Installée récemment à Paris, la galerie C basée initialement à Neuchâtel présente les œuvres récentes de Jean-Christophe Norman. Le livre est l’une de ses sources d’inspiration et les écrits constituent les matériaux de ses performances et marches dans l’espace public. Au départ, son geste consistait à reproduire l’entièreté d’un livre au sol dans différentes villes. La notion de paysage lui apparaît dans les grands espaces urbains dans lesquels il est sensible aux variations de lumière, m’a-t-il confié.
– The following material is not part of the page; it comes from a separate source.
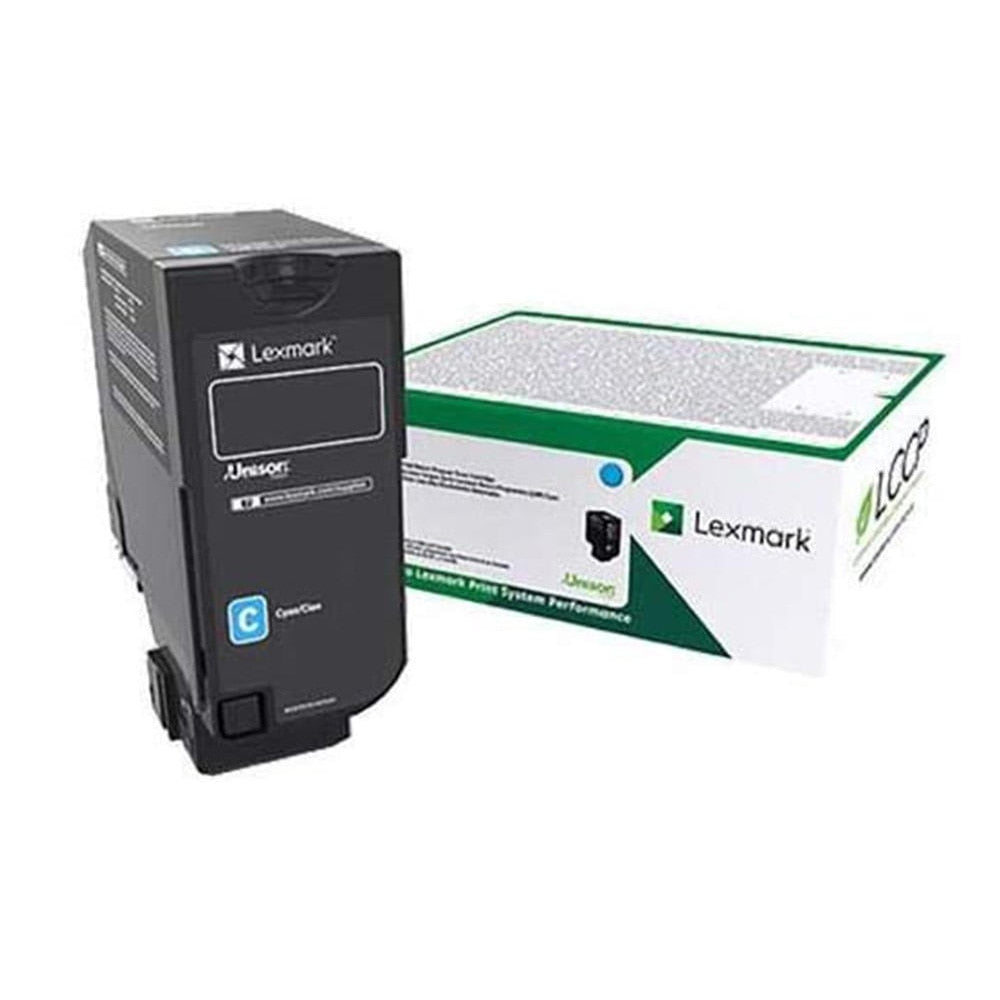 Lexmark 74C1SC0 OEM Toner Cyan 7K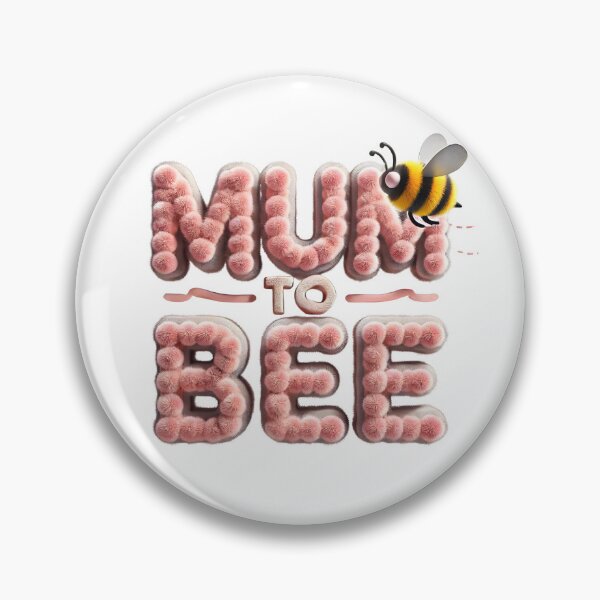 Item preview, Mom To Bee Baby Announcement Design with Cute Bee designed and sold by StyLeHi.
Son travail a pris une tournure plus picturale. Depuis quelques temps, il cherche à coïncider le récit, art du temps et la peinture.
En 2010, il décide de recouvrir de graphite L’oeuvre d’art à l’époque de sa reproductibilité technique de Walter Benjamin. Le livre en étant recouvert devient objet, préservé. Il est un territoire, un espace à explorer. Puis c’est Don Quichotte, exposé à la galerie C, également qui subit ce sort. L’œuvre incite alors le spectateur à vouer une autre relation aux livres, dépositaires de temps et de fictions pluriel(le)s
Sur un mur, Seascapes présentent 84 peintures réalisées sur des pages d’un livre de Joseph Conrad. Chacune est une trace d’expériences, d’émotions ressenties et l'ensemble compose un journal des sensations, d’impressions de paysage qui restent en nous.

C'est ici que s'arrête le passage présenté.